It’s a different game if you’re managing money. For example, at most hedge funds, they cut your risk in half if you lose 4% - so you have to be mindful of your drawdowns as much as you can
This is almost painful for me to read. One of the greatest benefits of trading your own money is the ability to freely lose it! Unless you’re trading severely capital intensive arbs and leverage constraints have blocked your ability to have a proper drawdown, you have got to be leaving a very large chunk of terminal wealth on the table trading this way. If you understand this and still choose to gut your VaR because absorbing variance diminishes your quality of life more than the utility of additional wealth adds to it, then more power to you. I could actually kind of admire that. I think I got into trading partially because I can’t help pushing the envelope even when I kind of wish I could get myself to back off. Lost count of the times I’ve been -10% or more on intraday marks on a high conviction trade in the past 5 years.
LOL; I trade equities.(long only) Very rarely use margin. Number one priority is capital preservation. Happy with 20% a year. Trades have to prove themselves high conviction trades, then I'll add. It's easy to avoid large drawdowns, don't hold trades that move againts you. Don't let the market prove you wrong, make the market prove you right. I got into trading because I didn't like the drawdowns that buy and hold investing entails. I fund my lifestyle with my returns. Every so often I have to pay my bills and I didn't like selling when the market was correcting. Now I can be 100% invested while the market trends up and in cash while the market trends down. I'm not going to turn a few thousand into a million and I'm not shopping for a lambo. Gotta do what works for me.
If you’re trading stocks, you should have a risk management in place that will protect your account in case the stock will gap say by 50%. Risking 1% of your total account won’t protect you from the above scenario if you have majority of your capital in that unlucky stock. What will protect you is to allocate say a 10 % maximum of your capital to one position. Therefore, if your stock gaps by 50%, you’ll lose only 5% of your capital. I’m just giving examples, just use whatever figures work for you. Also be careful when you're trading correlated stocks in the same industry / sector . . . I think you know what I mean
Unless you are like me, already over the hill, with the magic of compounding, in another 30 years, you can turn a few thousand into a million with a 20% a year return.

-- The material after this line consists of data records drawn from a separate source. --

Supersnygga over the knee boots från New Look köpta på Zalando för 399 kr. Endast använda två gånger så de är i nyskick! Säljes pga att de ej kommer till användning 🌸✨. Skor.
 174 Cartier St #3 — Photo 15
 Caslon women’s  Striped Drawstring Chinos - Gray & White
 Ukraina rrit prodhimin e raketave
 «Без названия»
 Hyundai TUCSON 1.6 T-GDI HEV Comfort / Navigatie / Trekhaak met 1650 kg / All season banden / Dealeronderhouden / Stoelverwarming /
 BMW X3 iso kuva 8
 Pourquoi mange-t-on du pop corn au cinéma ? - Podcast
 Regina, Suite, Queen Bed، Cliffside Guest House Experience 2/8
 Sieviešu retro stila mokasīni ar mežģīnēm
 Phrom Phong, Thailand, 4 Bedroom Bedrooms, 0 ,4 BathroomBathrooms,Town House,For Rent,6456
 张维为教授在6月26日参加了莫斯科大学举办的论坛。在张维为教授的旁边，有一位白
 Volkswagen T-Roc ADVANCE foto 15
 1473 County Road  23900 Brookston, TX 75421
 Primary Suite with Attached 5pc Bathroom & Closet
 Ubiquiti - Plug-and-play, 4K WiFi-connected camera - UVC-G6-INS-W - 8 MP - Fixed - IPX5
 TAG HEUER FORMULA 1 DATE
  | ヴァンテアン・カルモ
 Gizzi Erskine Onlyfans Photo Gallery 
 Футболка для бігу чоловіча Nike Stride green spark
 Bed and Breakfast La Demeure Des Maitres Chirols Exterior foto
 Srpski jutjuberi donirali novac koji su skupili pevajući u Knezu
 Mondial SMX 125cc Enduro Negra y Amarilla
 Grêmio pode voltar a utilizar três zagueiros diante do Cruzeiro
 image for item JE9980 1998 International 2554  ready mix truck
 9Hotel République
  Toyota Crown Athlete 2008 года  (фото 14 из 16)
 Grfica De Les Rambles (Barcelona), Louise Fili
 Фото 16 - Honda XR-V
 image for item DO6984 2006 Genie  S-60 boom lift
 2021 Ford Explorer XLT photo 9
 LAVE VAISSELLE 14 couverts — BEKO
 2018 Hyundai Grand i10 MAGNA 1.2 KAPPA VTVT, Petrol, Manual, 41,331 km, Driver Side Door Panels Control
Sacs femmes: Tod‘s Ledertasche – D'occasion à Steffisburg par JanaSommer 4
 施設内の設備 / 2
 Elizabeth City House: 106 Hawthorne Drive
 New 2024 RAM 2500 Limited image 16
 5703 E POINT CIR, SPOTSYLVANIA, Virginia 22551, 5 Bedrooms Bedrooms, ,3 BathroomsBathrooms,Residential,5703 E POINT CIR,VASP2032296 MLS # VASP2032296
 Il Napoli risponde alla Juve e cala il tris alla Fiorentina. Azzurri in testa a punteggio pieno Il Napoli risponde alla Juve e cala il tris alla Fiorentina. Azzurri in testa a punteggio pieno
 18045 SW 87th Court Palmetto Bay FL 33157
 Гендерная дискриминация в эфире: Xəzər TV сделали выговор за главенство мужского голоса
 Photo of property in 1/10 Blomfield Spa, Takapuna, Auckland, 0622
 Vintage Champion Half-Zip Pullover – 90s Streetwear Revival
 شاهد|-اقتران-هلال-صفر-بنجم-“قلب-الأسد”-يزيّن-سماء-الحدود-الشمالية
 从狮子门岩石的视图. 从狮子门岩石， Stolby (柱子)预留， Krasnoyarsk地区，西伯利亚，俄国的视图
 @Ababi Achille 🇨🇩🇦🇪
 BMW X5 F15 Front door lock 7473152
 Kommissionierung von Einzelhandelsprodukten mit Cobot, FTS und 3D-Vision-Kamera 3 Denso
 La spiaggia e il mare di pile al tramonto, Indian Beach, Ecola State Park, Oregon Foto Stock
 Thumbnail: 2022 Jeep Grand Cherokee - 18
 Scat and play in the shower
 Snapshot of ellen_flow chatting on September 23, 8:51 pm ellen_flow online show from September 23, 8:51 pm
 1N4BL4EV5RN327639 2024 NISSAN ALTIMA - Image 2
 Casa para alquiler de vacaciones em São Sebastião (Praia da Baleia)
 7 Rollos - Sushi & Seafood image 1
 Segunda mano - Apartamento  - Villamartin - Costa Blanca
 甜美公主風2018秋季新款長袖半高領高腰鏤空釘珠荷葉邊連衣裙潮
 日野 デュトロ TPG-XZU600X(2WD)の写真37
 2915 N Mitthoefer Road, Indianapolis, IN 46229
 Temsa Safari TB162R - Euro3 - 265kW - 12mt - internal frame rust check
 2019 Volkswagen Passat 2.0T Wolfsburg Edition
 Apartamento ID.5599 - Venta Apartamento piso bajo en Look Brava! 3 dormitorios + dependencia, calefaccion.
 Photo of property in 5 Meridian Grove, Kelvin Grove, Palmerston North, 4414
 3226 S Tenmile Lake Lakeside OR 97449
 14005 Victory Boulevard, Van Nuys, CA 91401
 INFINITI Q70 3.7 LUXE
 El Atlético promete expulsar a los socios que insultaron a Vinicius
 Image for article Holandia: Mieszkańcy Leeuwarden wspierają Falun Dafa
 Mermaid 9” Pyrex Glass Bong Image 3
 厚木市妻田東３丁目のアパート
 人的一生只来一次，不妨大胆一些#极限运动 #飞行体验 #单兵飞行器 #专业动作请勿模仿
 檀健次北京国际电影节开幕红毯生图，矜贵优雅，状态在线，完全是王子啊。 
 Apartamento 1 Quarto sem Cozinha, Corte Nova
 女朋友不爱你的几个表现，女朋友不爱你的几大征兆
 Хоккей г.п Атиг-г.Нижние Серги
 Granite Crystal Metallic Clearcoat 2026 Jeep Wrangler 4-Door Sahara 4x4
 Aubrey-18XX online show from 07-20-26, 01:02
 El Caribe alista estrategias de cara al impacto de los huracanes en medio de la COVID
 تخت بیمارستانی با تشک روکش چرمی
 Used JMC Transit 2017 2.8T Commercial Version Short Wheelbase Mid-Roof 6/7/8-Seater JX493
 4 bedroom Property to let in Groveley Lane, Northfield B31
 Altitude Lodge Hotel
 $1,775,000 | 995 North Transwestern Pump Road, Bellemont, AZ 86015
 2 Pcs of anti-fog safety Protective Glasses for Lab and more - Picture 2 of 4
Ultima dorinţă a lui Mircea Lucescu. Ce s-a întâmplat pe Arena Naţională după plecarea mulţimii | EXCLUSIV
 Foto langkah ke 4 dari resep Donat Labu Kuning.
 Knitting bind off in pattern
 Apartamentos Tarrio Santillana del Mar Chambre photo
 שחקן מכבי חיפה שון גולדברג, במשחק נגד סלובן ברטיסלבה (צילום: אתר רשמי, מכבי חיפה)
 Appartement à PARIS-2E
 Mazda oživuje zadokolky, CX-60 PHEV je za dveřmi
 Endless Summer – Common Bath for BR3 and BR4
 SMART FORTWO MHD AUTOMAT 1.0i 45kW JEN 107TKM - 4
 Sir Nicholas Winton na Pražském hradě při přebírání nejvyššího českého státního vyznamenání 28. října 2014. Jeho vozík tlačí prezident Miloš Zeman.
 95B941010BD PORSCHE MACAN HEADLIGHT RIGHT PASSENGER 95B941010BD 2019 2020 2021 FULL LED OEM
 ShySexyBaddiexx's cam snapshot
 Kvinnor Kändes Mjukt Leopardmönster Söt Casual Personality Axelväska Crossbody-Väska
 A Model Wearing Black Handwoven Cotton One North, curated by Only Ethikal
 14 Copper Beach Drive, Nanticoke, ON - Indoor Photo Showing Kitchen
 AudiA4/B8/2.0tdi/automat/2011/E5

Not sure what hill you're referring to but mine gets steeper ever year. I'm not older than dirt but I know the guy who invented it.
With a return of 20% and a drawdown of < 10% your risk adjusted return is outstanding. For me drawdown of 30% is not unusual. Fortunately I am retail and no one is going to break my kneecap for a 30% drawdown.
30% is a brutal drawdown. You have to get 42% just to break even. That takes time to recover and like they say time is money. One of the reasons I'm a trader is that I didn't like the drawdowns and having to wait for things to turn around. I made the decision not to hold losers in my portfolio. Have had no nasty drawdowns since then.